Tokyo and Pyongyang wrapped up their five-day talks in Beijing yesterday with no breakthroughs reported on key issues such as abduction cases and improving diplomatic ties.

The two sides, which had held separate meetings of three topic panels since Saturday, conducted a plenary meeting yesterday morning.

Tokyo and Pyongyang wrapped up their five-day talks in Beijing yesterday with no breakthroughs reported on key issues such as abduction cases and improving diplomatic ties.
Koichi Haraguchi (L), the head of the Japanese delegation, and his aides attend the fifth day meeting with their North Korean counterparts in Beijing February 8, 2006. [Reuters]

At a press briefing held at the Japanese Embassy in Beijing at noon, Japanese chief negotiator Koichi Haraguchi said the two sides still have big differences in views and stances, but that they would meet again.

The time and venue for the next round of the talks have not been set.

Song Il-ho, ambassador of the Democratic People's Republic of Korea (DPRK) in China, in charge of normalization talks with Japan, said that the two sides held honest and open-minded discussions and understood each other's positions "more clearly."

At the same time, Song noted that they "discovered there are big differences of opinion."

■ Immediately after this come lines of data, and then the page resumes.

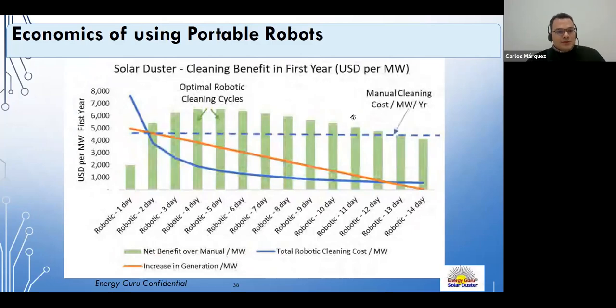Carlos wraps up the webinar, thanking Gitanjali and Zafir for their presentations and the audience for attending. He reminds everyone that recordings and presentations will be shared in PDF format within a few days, announces next week's webinar on solar energy in Indonesia, and thanks the sponsor Sterling and Wilson for making these webinars possible.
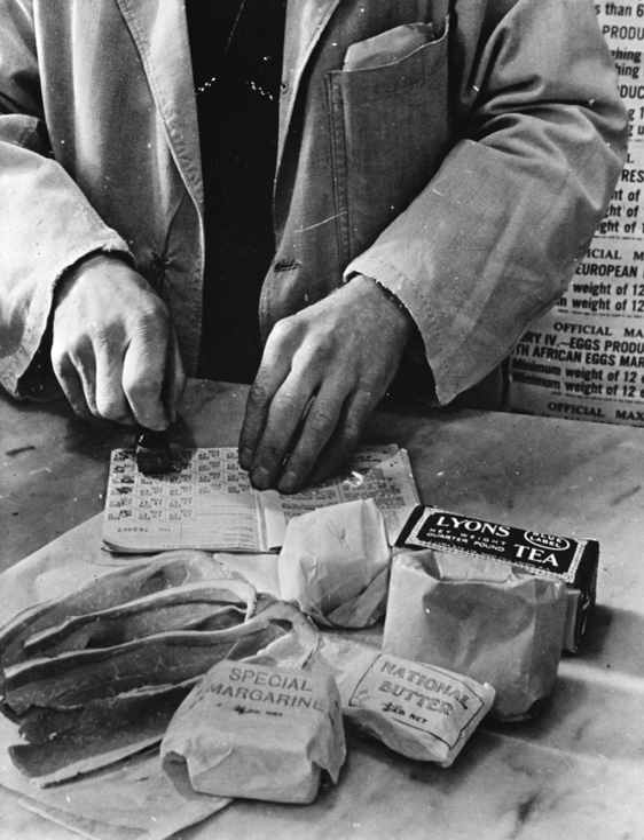All types of soap were rationed. Coupons were allotted by weight or by quantity. In 1945, the ration gave four coupons each month. Babies and some workers and invalids were allowed more. A coupon would yield: 4 oz (113g) bar hard soap; 3 oz (85g) bar toilet soap; 1 oz (14g) No.1 liquid soap; 6 oz (170g) soft soap; 3 oz (85g) soap flakes; or 6 oz (170g) powdered soap.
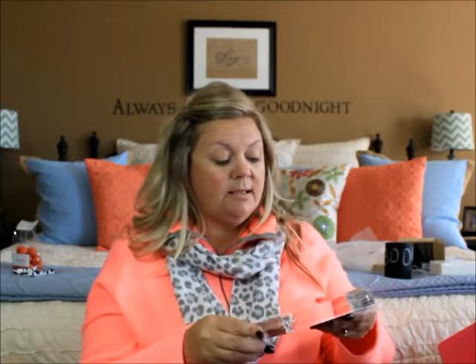Alright guys, there it is — the October PopSugar box! I hope you enjoyed this video. If you did, please like and share and let me know what you think in the comments below. I'll have all the links to everything PopSugar included this month. If you're interested in the PopSugar Must-Have box, you can go to musthave.popsugar.com and check it out. Thanks so much for watching — stay fabulous, bye!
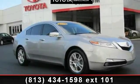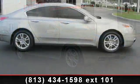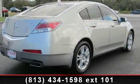Step on to the 2009 Acura TL. Don't miss this great deal on a luxury vehicle. This vehicle comes with a reliable 6-cylinder engine, connected to a smooth shifting automatic transmission.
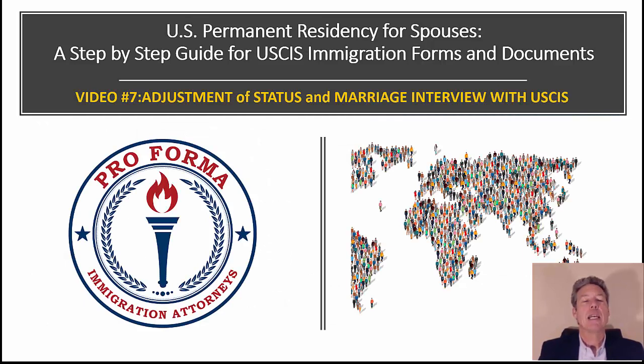You made it all the way through video seven: adjustment of status and marriage interview with USCIS. Thanks so much for watching this series. We're going to be doing two more series: the fiancé visa and how to process at embassies. Our website is step-by-step immigration forms — contact information, how to schedule the two-hour form and document review, and links to 15-minute and one-hour consultations. We work by Zoom and do video consultations for people all over the world.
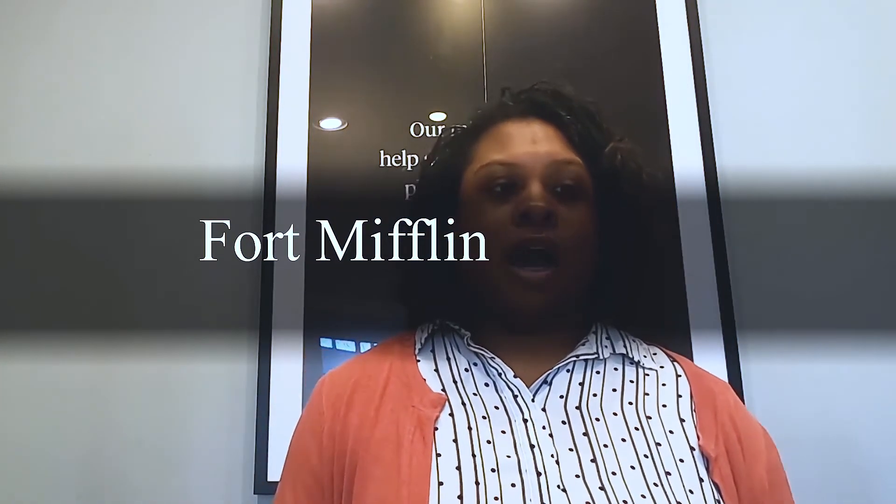Number six is Fort Mifflin. Originally called Fort Island Battery, it was commissioned in 1771 and sits on an island near Philadelphia International Airport, in the southwest area of the city. During the Revolutionary War, the British bombarded and captured the fort in autumn of 1777. It was named after Thomas Mifflin, who was a general. If you're into history and want a fun field trip, Fort Mifflin is the place for you.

He said the two sides needed to work on narrowing their differences.

The talks, the first high-level bilateral contact in three years after meetings in Malaysia in 2002, had been conducted in a three-track format covering topics such as abduction issues, normalization of diplomatic ties and security issues.

The abduction dispute has proven to be the most contentious, with two meetings held on the issue during the current round, but little progress reported.

In 2002, the DPRK admitted to kidnapping 13 Japanese citizens and released five of them, saying the other eight had died. Tokyo, however, still wants evidence of the deaths. The DPRK wants to settle historical issues regarding Japan's colonial rule over the Korean Peninsula from 1910-45.

Japanese Prime Minister Junichiro Koizumi said yesterday that Japan would continue to negotiate frequently with the DPRK to resolve contentious issues between the two countries, Kyodo News reported.

Koizumi described the outcome of the talks in Beijing as " discouraging," and acknowledged that the two countries remain far apart in their positions.

"But I think we will have to deal patiently with the matter," he was quoted as telling reporters at his official residence.